After all, if/when the Ravens make the Super Bowl, the players won’t be in the exhibition game, anyway, right? They have much bigger prey in sight than that.

Only, it does matter, particularly to the players. It shows who is getting respect from the fans and the League, can be used as a tool in contract negotiations down the line and, more immediately, can mean a tasty little bonus if that is written into their current deals.

Plus, it’s fun. It’s good old-fashioned water-cooler talk, and that’s always fun.

The Ravens had seven players make the initial Pro Bowl roster — Lamar Jackson, Tyler Linderbaum, Kyle Hamilton, Roquan Smith, Justin Madubuike, Patrick Queen and Justin Tucker.
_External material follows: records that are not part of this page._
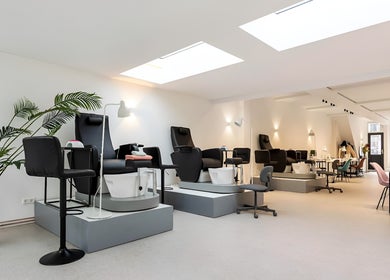 Spacious salon interior at Endorphine Amsterdam, featuring modern pedicure stations in Amsterdam, Noord-Holland, NL.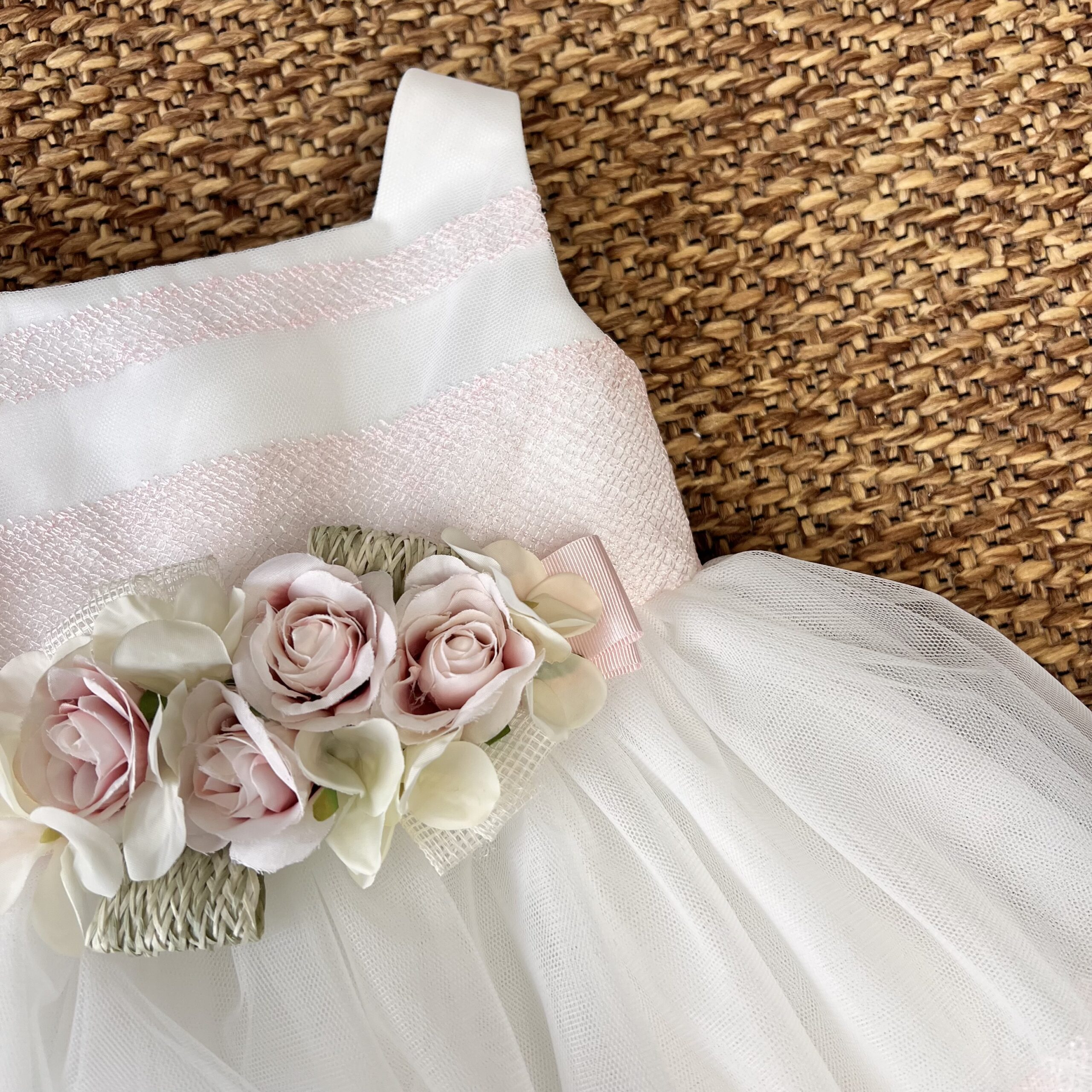 Abito battesimo bimba bianco e rosa in tulle 4973 - immagine 3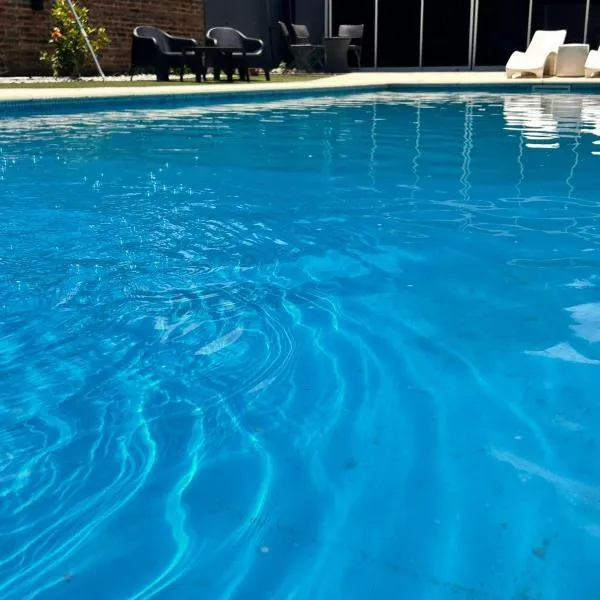 Residencia Dos Soles 2.0, hotel em Resistência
The Banner’s Giana Han broke down the seven selectees, and offered some background on each. Nationally, the one Ravens player who raised a few eyebrows with his selection was Justin Tucker, who didn’t seem to play to his typical out-of-this-galaxy standards. Han put his performance in proper perspective.
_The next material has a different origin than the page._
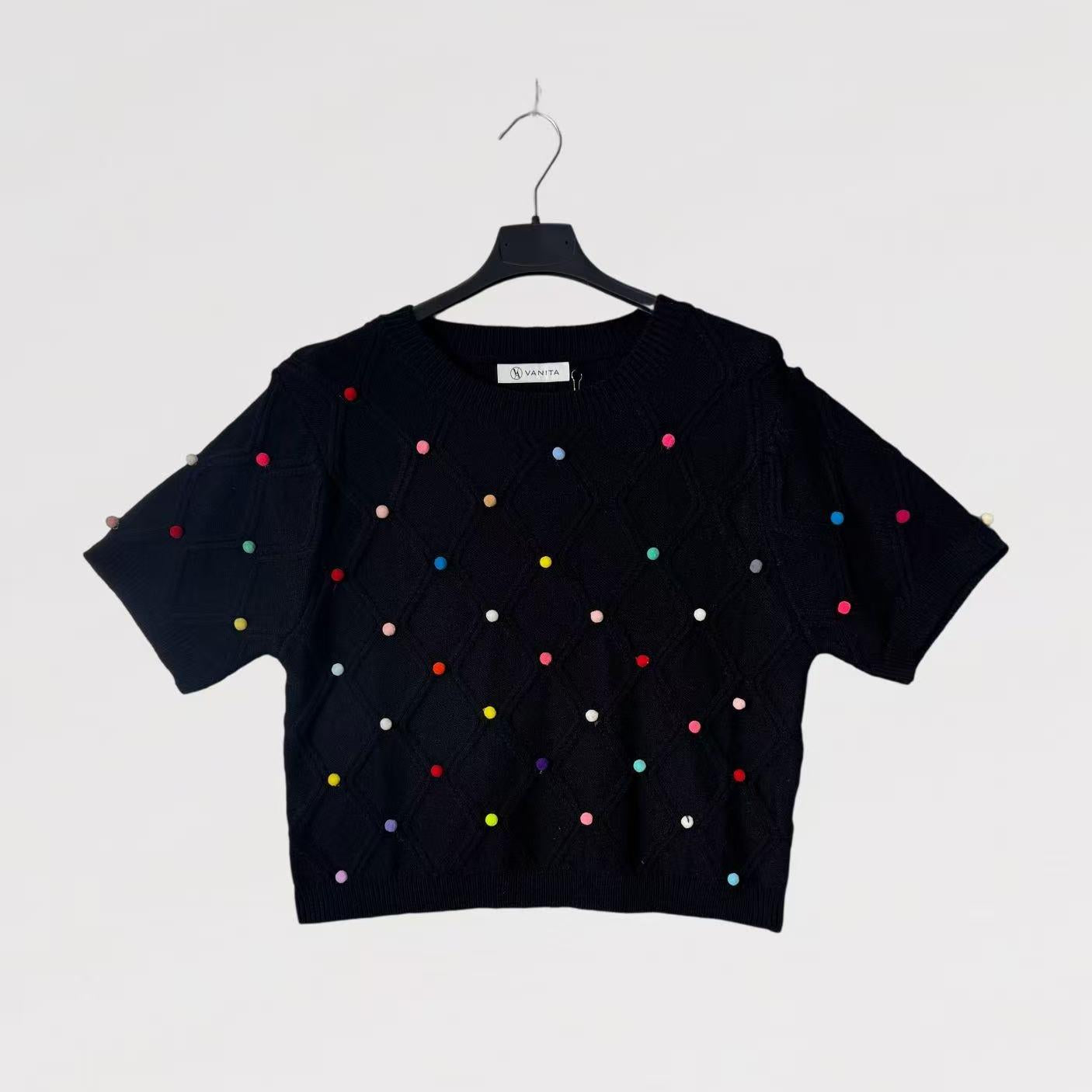 Maglia Pinco Pallino Crop Maniche Corte in Maglia Lavorata con Motivo a Rilievo e Applicazioni Multicolor per Outfit Freschi e Moderni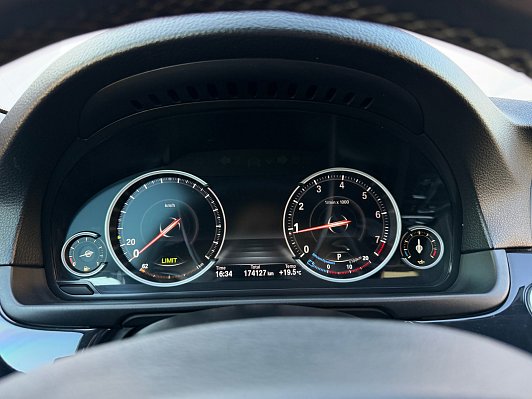 BMW 5 серии, 2016 года, пробег 174049 км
“Tucker briefly slipped behind Younghoe Koo in career field goal percentage but took back the top spot (90.2%), where he has sat for years,” wrote Han. “On the season, Tucker has made 31 of 36 attempts (86.1%) and been perfect from inside 40 yards. He has made 50 out of 51 extra point attempts. Special teams coordinator Chris Horton said the one miss was not on Tucker but on the unit around him. Tucker has made at least 30 field goals in nine seasons. No other kicker has more than five. Tucker has been a Pro Bowler seven times in his 12-year career, tying Morten Andersen for most by a kicker.”

The Banner also had an interesting article where Han, Jonas Shaffer and Kyle Goon debated who the Ravens’ defensive MVP should be this year, a topic I’ve been wrestling with myself these past few weeks as I’m readying the Ravens’ regular-season superlatives article for next week.
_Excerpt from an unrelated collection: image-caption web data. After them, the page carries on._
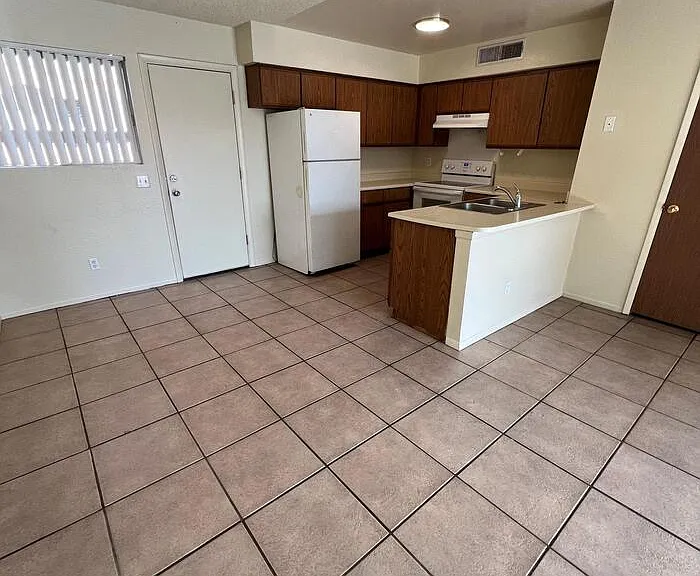 1723 E Glenn St #D — Photo 2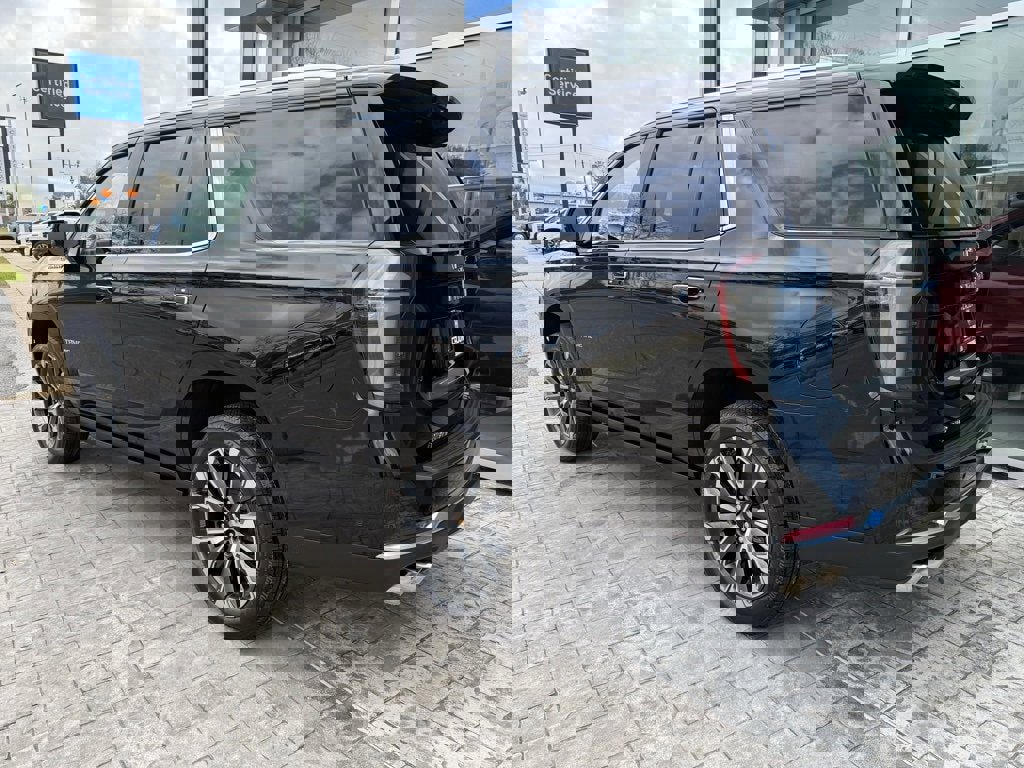 New 2026 Chevrolet Tahoe High Country image 3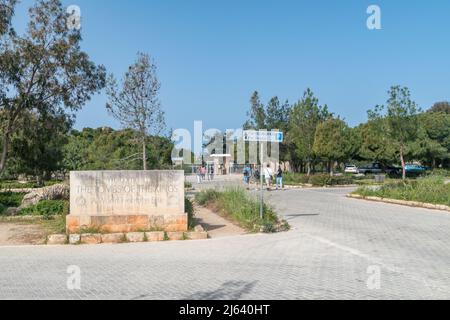 Paphos, Cipro - 2 aprile 2022: Ingresso alle Tombe dei Re. Un sito patrimonio dell'umanità. Museo archeologico con tombe sotterranee, molte delle quali dat Foto Stock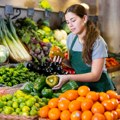 Objavljena lista za 2026: Ovo voće i povrće sadrži najviše pesticida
Han chose defensive tackle Justin Madubuike, and for more than his team-leading 13 sacks, alone.

“Madubuike has affected the game in more ways than just taking down the quarterback, though,” wrote Han. “He has 41 tackles in addition to his 13 sacks for a total of 54 this season. He has a PFF grade of 75.1, with high marks for his run defense and higher marks for his pass rush. He has 21 run stops, 32 quarterback hurries and 62 quarterback pressures.”

Shaffer selected Smith as his pick, citing his cumulative effect on the Ravens’ defense as much as his sparkling individual play.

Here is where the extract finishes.